En 2014 l'Elysée (président et conseillers) sortirait de son sanatorium, humant l'air du pouvoir personnel absolu, peut-être même d'une perspective dynastique, par népotisme ambiant!
- Enfin, faute de disposer d'une grille de lecture de la nouvelle carte territoriale avec un nombre considérablement réduit des cantons (autour de 2 400 au lieu de 3 883 actuellement pour la France métropolitaine), il est permis de demeurer dubitatif sur le vote demandé sur un principe général, alors même que l'annexe (répartition des sièges par région et départements) n'accompagne pas le dispositif. La méfiance est d'autant plus de mise que le décret, prévu pour les nouvelles limites des cantons, peut être pris au plus tard en février 2013. On comprend aisément pourquoi le gouvernement se refusait l'an passé à procéder à la réforme de la carte cantonale, avant le redécoupage de la carte législative! Le renouvellement de l'Assemblée nationale de juin 2012 avec ses nouvelles circonscriptions et son passage au scanner laissera environ six mois pour ajuster le remodelage des cantons (et ses subtilités de cantons urbains, ruraux, voire rurbains) pour les besoins de convenance personnelle de la majorité présidentielle sortante.
Le suffrage universel par soustraction et non par élection .
Les conseillers territoriaux seront donc de deux types: ceux avec un territoire et ceux sans.
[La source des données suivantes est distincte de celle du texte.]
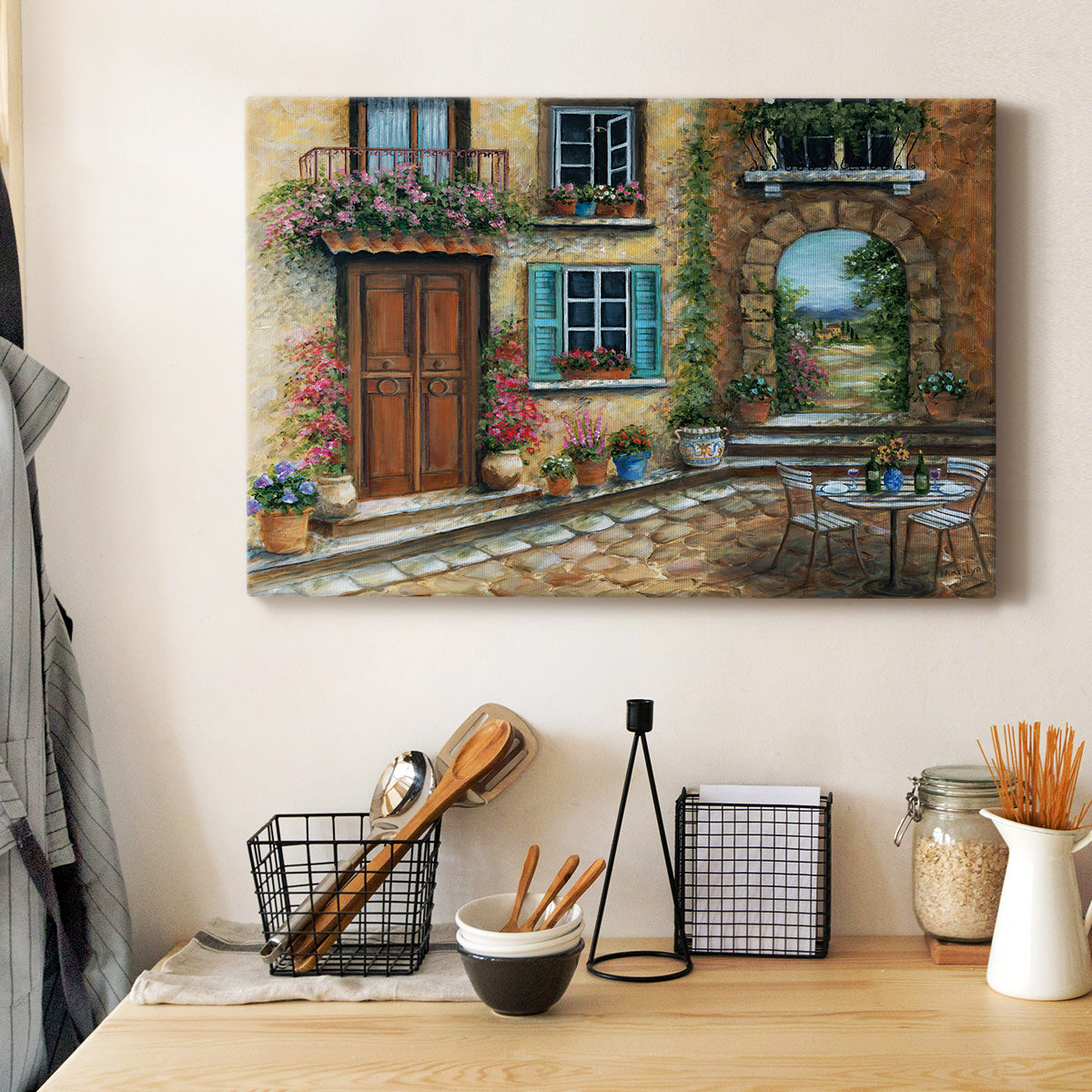 Tuscan Courtyard Premium Gallery Wrapped Canvas - Ready to Hang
L'originalité se drape dans une grande générosité politique: l'obtention d'une pincée de proportionnelle (20%). Ainsi au niveau national 2.400 conseillers arrivés en tête du scrutin seraient immédiatement élus et 600 autres seraient issus, dans chaque département, des partis politiques ayant eu des candidats battus! Ce système, un peu tortueux, donne l'apparence d'un suffrage universel direct et d'une élection à la proportionnelle.
En fait l'élection dans chaque département de 20 % de conseillers par résultats négatifs équivaut à une représentation sans élection mais par simple soustraction. Il n'est pas certain d'ailleurs que les partis traditionnellement minoritaires et non représentés jusqu'alors dans des élections locales soient gagnants pour autant, car l'abaissement des effectifs des nouveaux conseils généraux sera tel que la part des 20% dans certains départements laissera peu d'espace numérique aux formations politiques même dotés d'un score supérieur à 5% des suffrages exprimés. La composition des conseils dans les départements va donc connaître un régime amaigrissant... et paradoxalement les assemblées régionales vont prendre du poids (en siège, seulement)!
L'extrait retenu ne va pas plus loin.